Questo è l’ultimo appello del presidente ucraino Volodymyr Zelensky ai leader occidentali attraverso un video.
«Ho discusso con il Presidente del Consiglio Mario Draghi del modo per contrastare l’aggressione. L’ ho informato sui crimini della Russia contro i civili, sul terrorismo nucleare.
È stata sollevata la questione del sostegno all’Ucraina e dell’esame della nostra domanda di adesione in Europa».
Lo fa sapere il presidente ucraino Zelensky via twitter.
Il presidente Zelensky ha ringraziato il presidente Draghi per la sua vicinanza e per quella dell’Italia.
Il ministero della Difesa russo avverte che qualunque Paese ospiti aerei militari ucraini sarà coinvolto nel conflitto.
«Sappiamo che ci sono alcuni aerei da combattimento in Romania e in altri Paesi confinanti.
Vogliamo sottolineare che l’uso futuro di questi aerei contro la forze armate russe potrebbe essere considerato come un coinvolgimento di questi Paesi nel conflitto armato», ammonisce Mosca.

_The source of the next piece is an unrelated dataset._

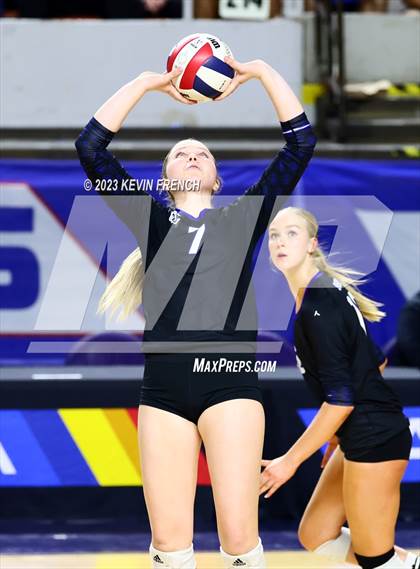 Thumbnail 1 in O'Connor vs. Perry (AIA 6A Final) photogallery.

La telefonata di ieri fra Emmanuel Macron a Vladimir Putin – avvenuta su richiesta del presidente francese – si è conclusa dopo un’ora e 45 minuti. Si è trattato del quarto colloquio telefonico fra i due presidenti dall’inizio dell’invasione dell’Ucraina. Putin ha detto di essere pronto a rispettare le norme dell’Aiea sulla protezione delle centrali nucleari e ha posto la questione della sicurezza delle centrali nucleari al primo posto del colloquio di oggi.